§ Your objective: Each line of the data is to be output verbatim, with the images removed.

§ Data excerpt:
────────

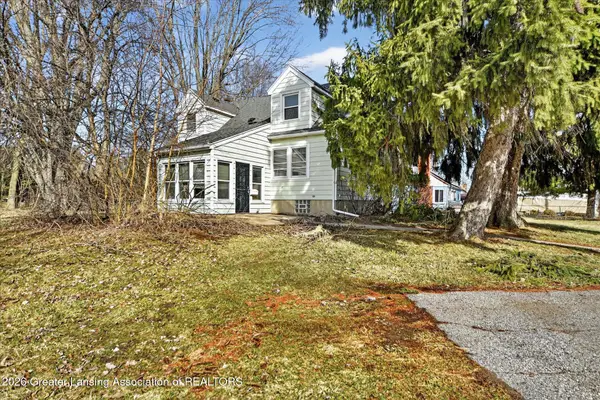 2961 S Waverly Highway, Lansing, MI 48911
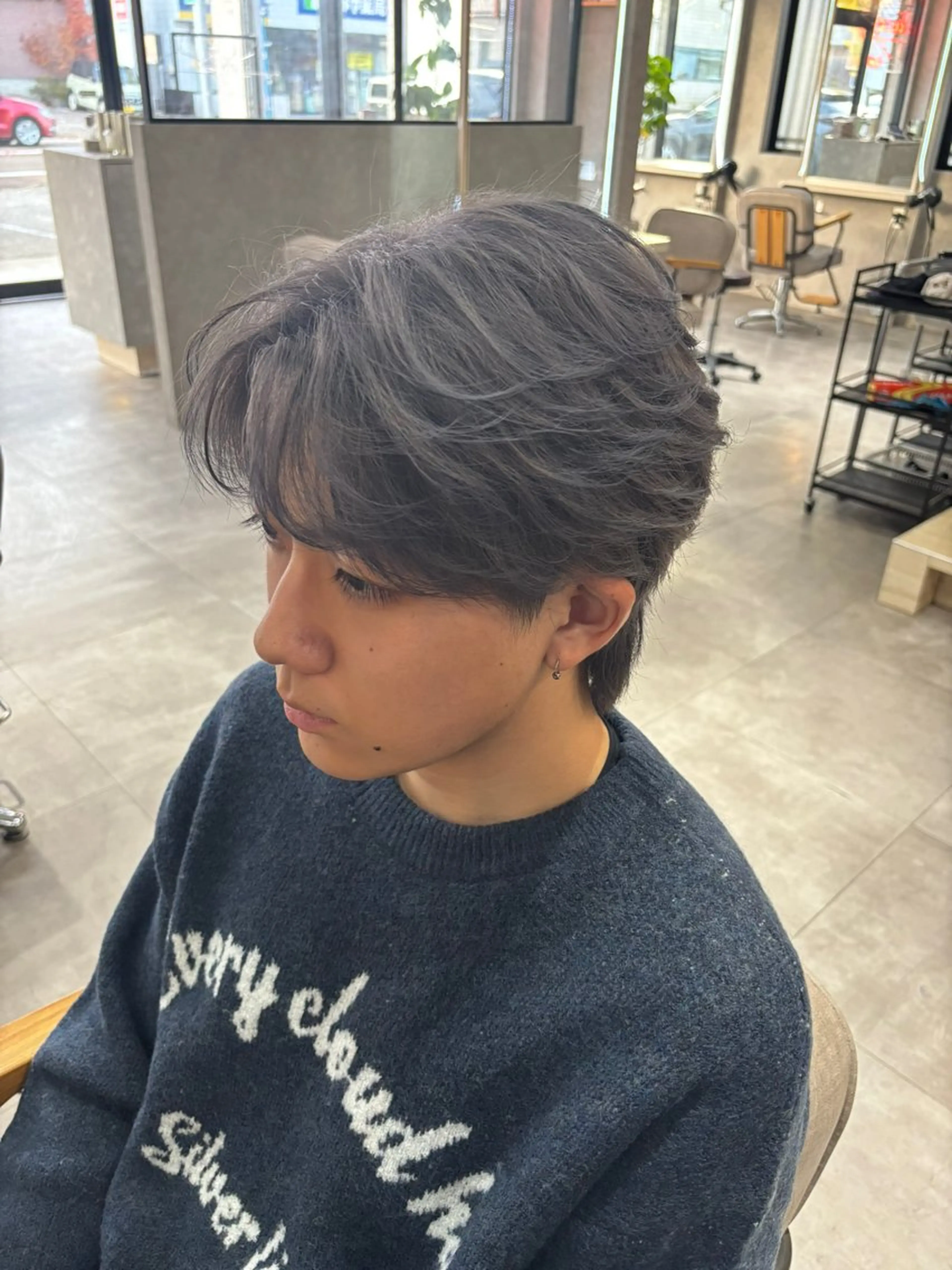 カラー メンズ センターパート メンズハイトーン マッシュウルフ マッシュ メンズパーマ カット ヘアカラー トリートメント 長谷川 湧のヘアスタイル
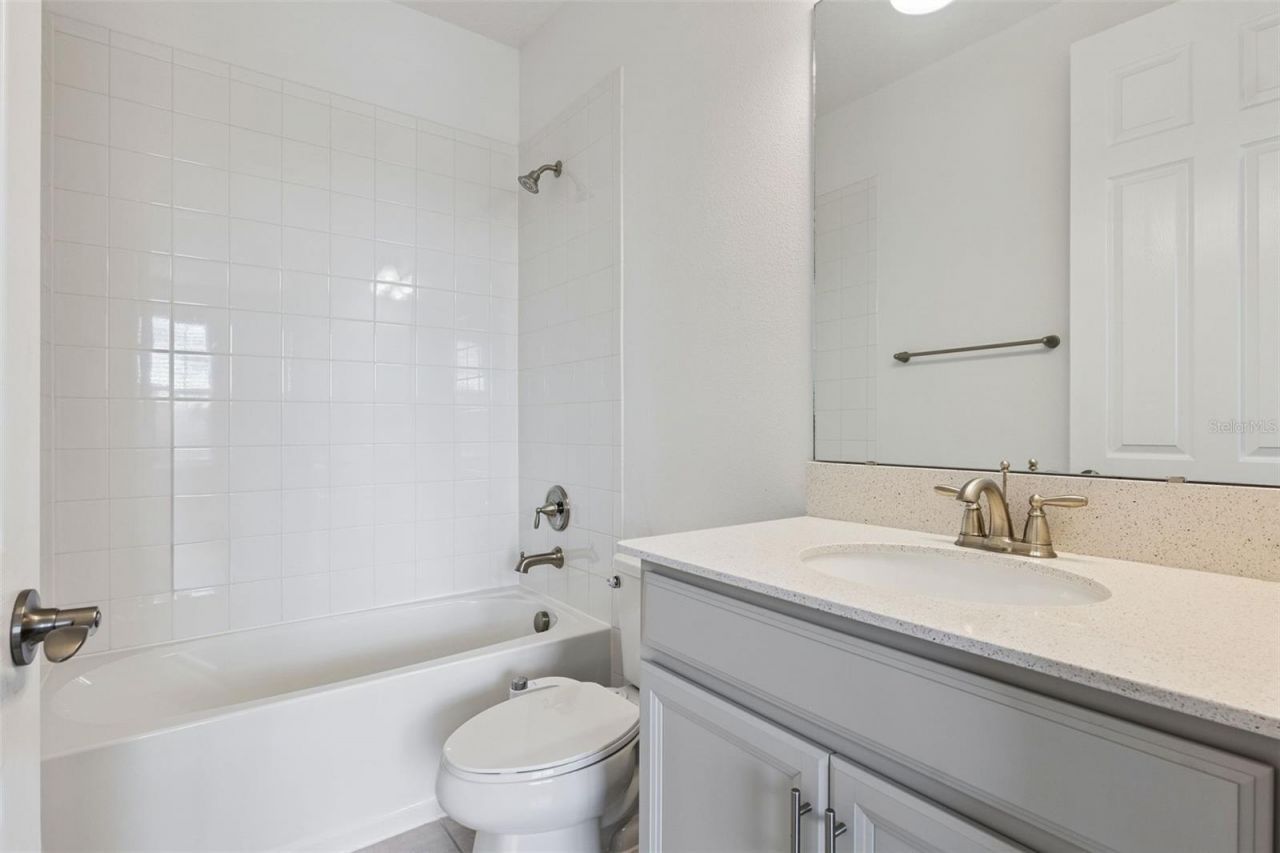 3010 Crystal Water Run, Oviedo, FL 32765 Photo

────────

§ Response to this exercise:
 2961 S Waverly Highway, Lansing, MI 48911
 カラー メンズ センターパート メンズハイトーン マッシュウルフ マッシュ メンズパーマ カット ヘアカラー トリートメント 長谷川 湧のヘアスタイル
 3010 Crystal Water Run, Oviedo, FL 32765 Photo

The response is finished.